*** Opening of MATERIAL SHOWN ***

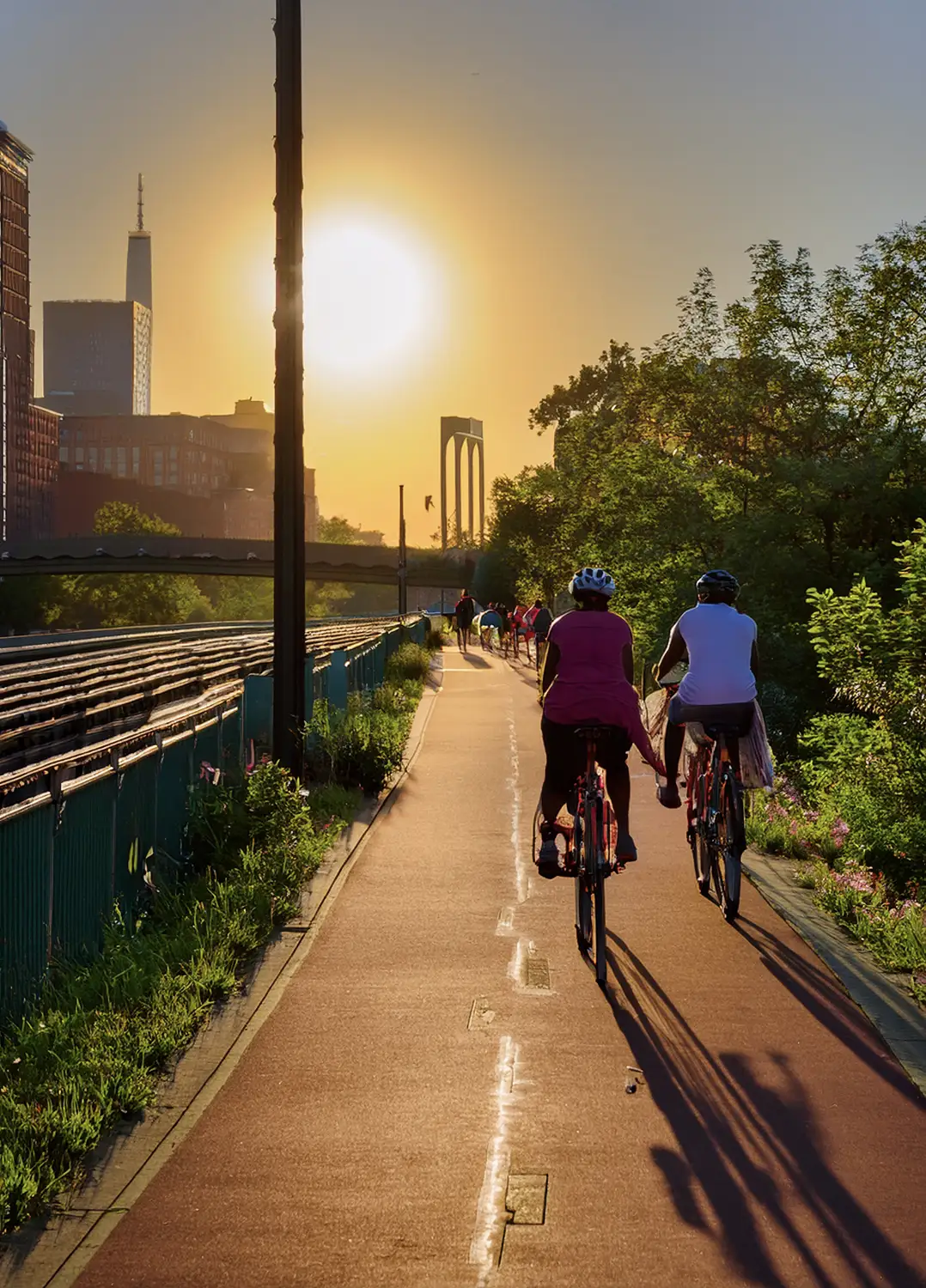 An image of people biking on a trail for Centennial, Colorado.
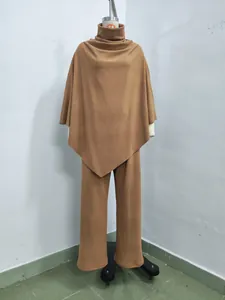 Detailed view of camel thermal poncho top and wide-leg pants set on a mannequin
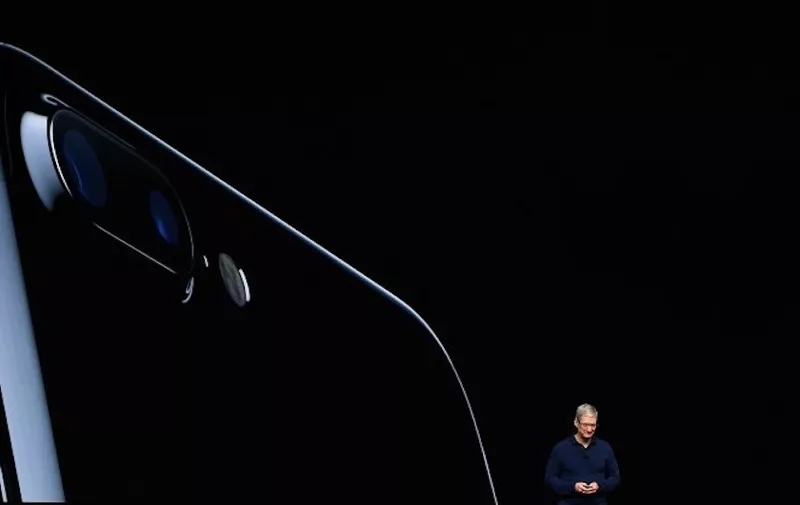 Apple CEO Tim Cook introduces the new iPhone 7 during an event inside Bill Graham Civic Auditorium in San Francisco, California on September 07, 2016.   / AFP PHOTO / Josh Edelson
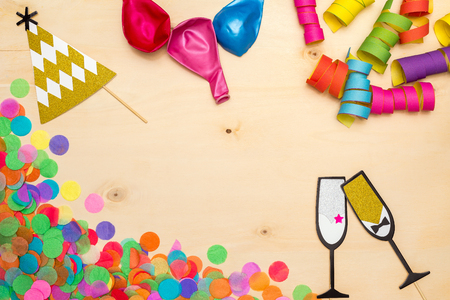 Colorful confetti, streamer and party hat as decoration lying on wooden background as flatlayの写真素材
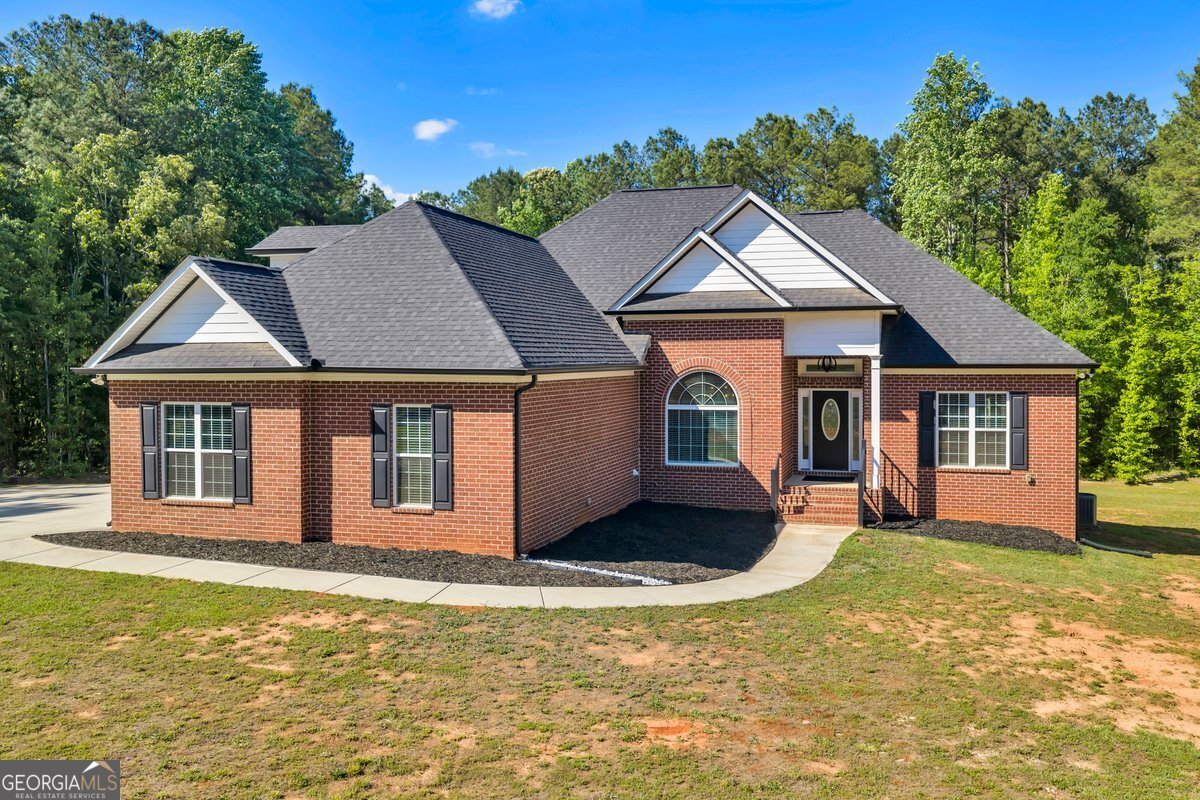 2594 Lassiter Road Forsyth, GA 31029 - Photo 27 of 28 a house with trees in the background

*** Close of MATERIAL SHOWN ***

### WHAT IS EXPECTED
Your copy should hold all the data word for word. It should hold no pictures.

### ANSWER AREA
 An image of people biking on a trail for Centennial, Colorado.
 Detailed view of camel thermal poncho top and wide-leg pants set on a mannequin
 Apple CEO Tim Cook introduces the new iPhone 7 during an event inside Bill Graham Civic Auditorium in San Francisco, California on September 07, 2016.   / AFP PHOTO / Josh Edelson
 Colorful confetti, streamer and party hat as decoration lying on wooden background as flatlayの写真素材
 2594 Lassiter Road Forsyth, GA 31029 - Photo 27 of 28 a house with trees in the background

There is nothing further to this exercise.